In his speech at this summit, Chinese President Xi Jinping first injected the Shanghai Spirit with five kinds of concepts—development concepts (innovative, coordinated, green and open development), security concepts (common, comprehensive, cooperative and sustainable security), cooperation concepts (open, inclusive, win-win and beneficial cooperation), culture concepts (equal, mutual-learning, dialogue-based and inclusive) and global governance concepts featuring extensive consultation, joint contribution, and shared benefits, which has greatly enriched the connotations of the Shanghai Spirit and established clearer standards for the SCO member states to conduct cooperation in political, security, economic and cultural fields.
These new ideas, as symbols of Chinese cultural essence, are already widely recognized by members of the SCO, evidencing that China and the other SCO member countries have reached higher consensus on values and concepts.
Promotion of the Shanghai Spirit will enhance the cohesion, action and influence of the SCO. As developing countries, SCO members are encountering similar challenges, and great potential and demand for them to work together continues. However, not all the member states have deep mutual trust. Unity and trust based on the Shanghai Spirit has become even more important because it will determine the future development of the SCO, especially after India and Pakistan joined. The Treaty of Long-Term Good-Neighborliness, Friendship and Cooperation between the Member States of the SCO reached under the guidelines of the Shanghai Spirit and the joint declaration issued at the SCO Qingdao summit will undoubtedly play an active and important role in SCO members overcoming their differences and boosting mutual trust.
Upholding the Shanghai Spirit, President Xi brought up specific proposals for cooperation in security, economy, culture and international issues under the SCO framework, addressing concerns of all SCO members. Security cooperation focuses on defense, law enforcement, information security and fostering peace in Afghanistan. These proposals aim to address new challenges faced by all SCO member states.
For economic cooperation between SCO members, President Xi emphasized the docking of development strategies, trade facilitation and trade balancing.

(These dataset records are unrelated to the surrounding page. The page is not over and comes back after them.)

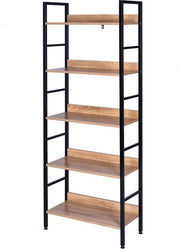 Bolt Edge Boekenkast - Industrieel - Zwart/Oak - 60x27.5x126cm - 5 Planken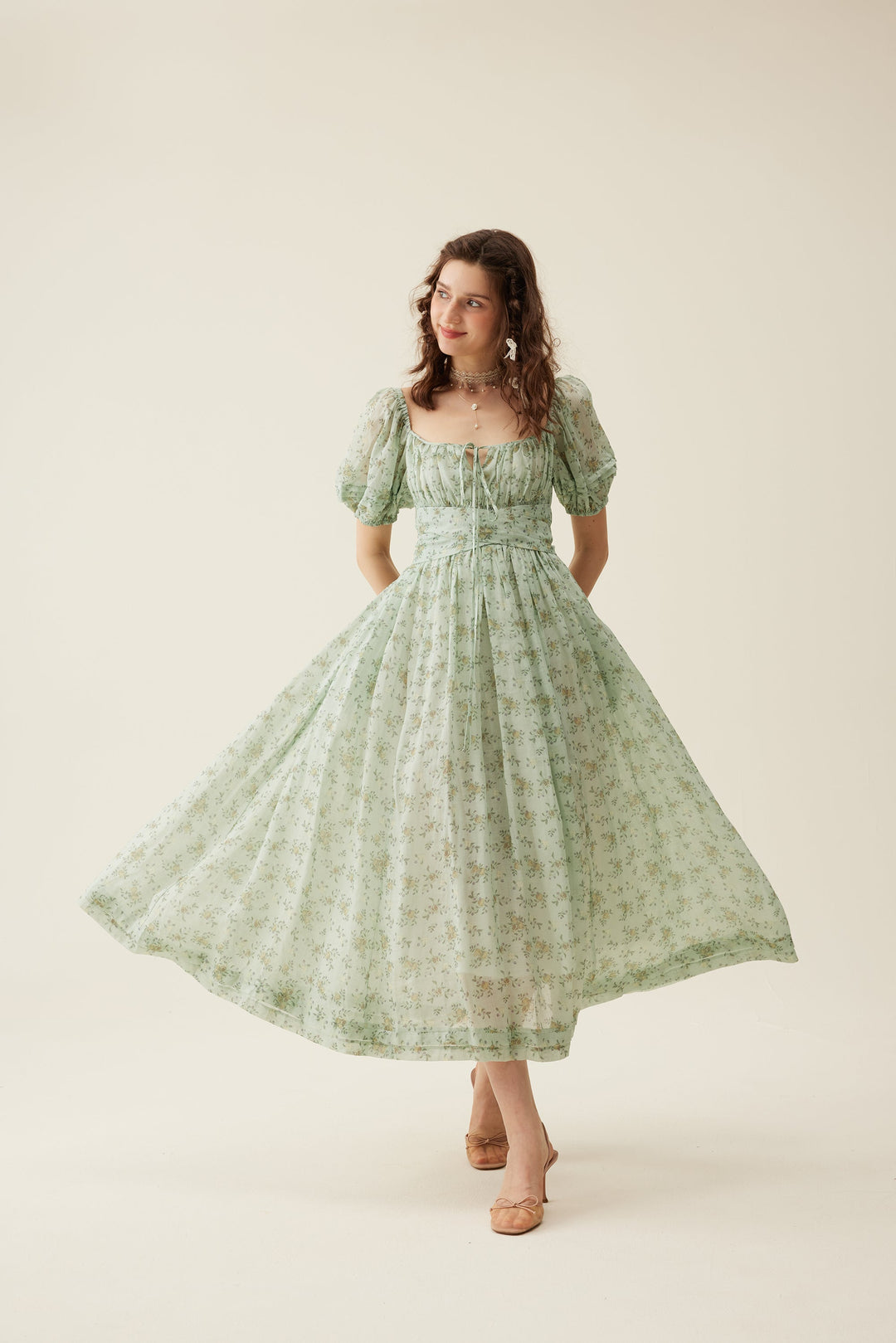 Alice 19 | Floral linen dress Rose Garden / M Alice 19 | Floral linen dress Rose Garden / M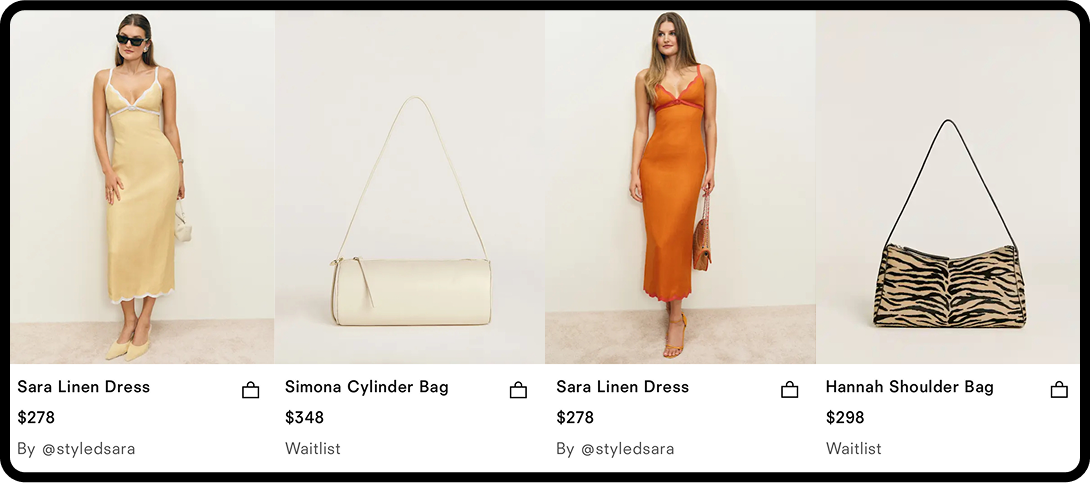Pieces from Reformation's collaboration with Sara Walker.
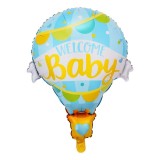 Balon din folie metalizata, flippy, mini figurine, model balon cu aer cald baietel, tematica welcome baby, 80x62 cm, ambalaj individual, pai inclus, u
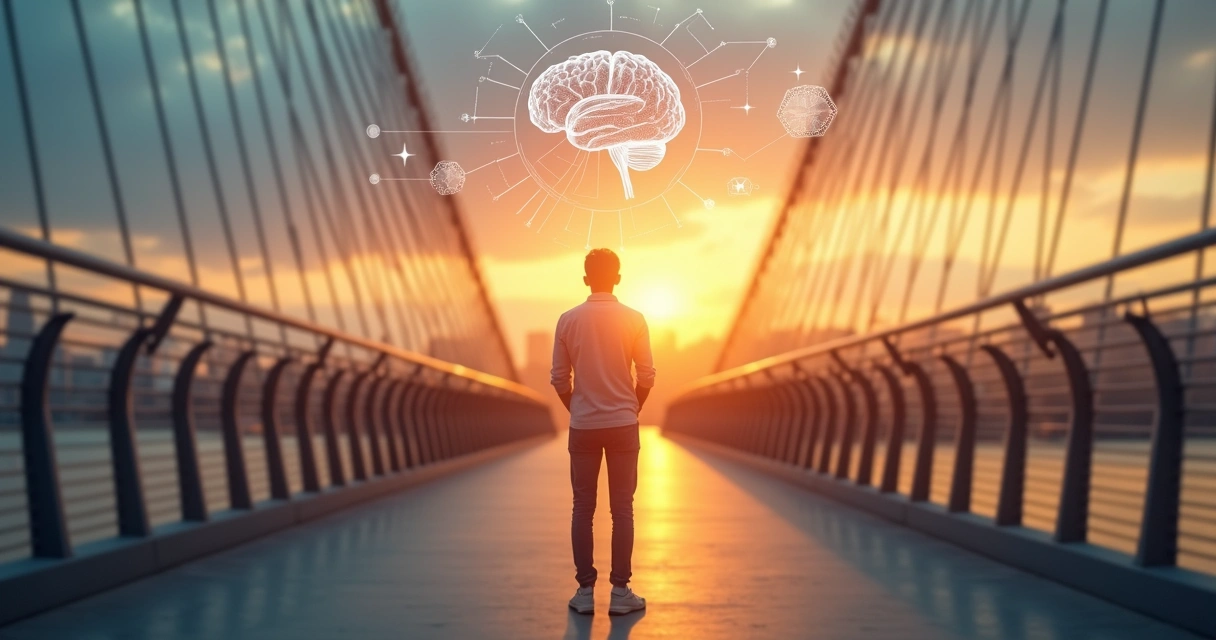 Pessoa em uma ponte olhando para bifurcação iluminada que representa escolhas passadas e futuras 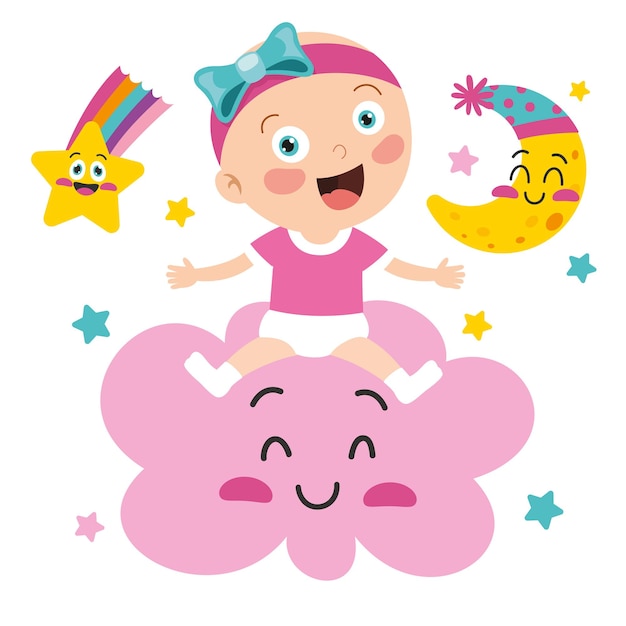 Cartoon Drawing Of A  Newborn Baby Character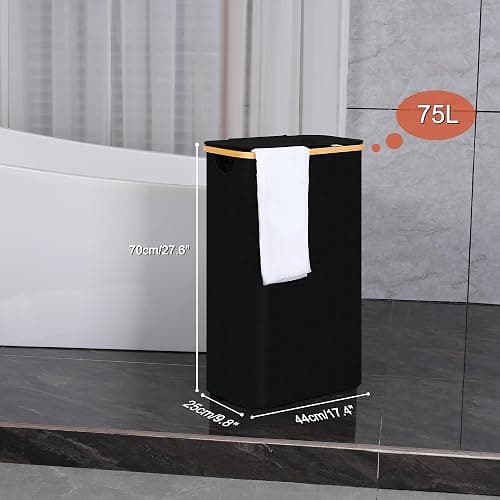 efluky Slim Laundry Basket with Lid, Narrow Laundry Hamper with Removable Bag, Skinny Dirty Clothes Basket with Bamboo Handles for Bathroom, Bedroom & Laundry Room, 75L Black thumbnail 3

He also suggested many measures that demonstrate that China is not pursuing maximization of its own interests, but rather seeks to break bottlenecks hindering economic and trade cooperation under the framework of the SCO through friendship, justice and pursuing shared interests. The SCO differs from other regional cooperation organizations thanks to its coordination of development strategies, which reflects mutual respect for state sovereignty and national interests of its member states. China proposed to establish a 30 billion yuan (US$4.7 billion) equivalent special lending facility under the framework of the SCO Interbank Association. This is a sign of China’s willingness to cooperate. It also evidences the common will of SCO members to escape the hegemony of the U.S. dollar and build a more fair and reasonable new regional economic order.
Cultural exchange will lay a solid foundation for the strengthening of mutual trust and win-win cooperation among SCO member states. The organization has developed a maturing mechanism for people-to-people exchange, which covers various fields. In the future, the SCO needs to utilize existing mechanisms for cultural exchange and expand their scales. To meet the needs of other member countries, China will formulate targeted proposals for cultural exchange. For example, China will provide 3,000 training opportunities in human resource development for SCO member states to relieve their shortage of qualified professionals in the field. Led by China, other member states will also take concrete measures to help expand scope, deepen cooperative levels and enlarge the scales of cultural exchange within the group.
Despite operating as a regional organization, the SCO is definitely not closed. In his speech, Xi proposed setting up international cooperation partnership networks, signifying that the organization is willing to cooperate with other countries and international organizations worldwide to build an “open, inclusive, clean, and beautiful world that enjoys lasting peace, universal security, and common prosperity,” in accordance with the Shanghai Spirit. The upgraded Shanghai Sprit will not only chart the course for the SCO, but also inject new energy into the development of the word and enable the SCO and the world to integrate into a community with a shared future.
The author is deputy director of the Institute of Belt and Road Initiative under the Chinese Academy of Social Sciences.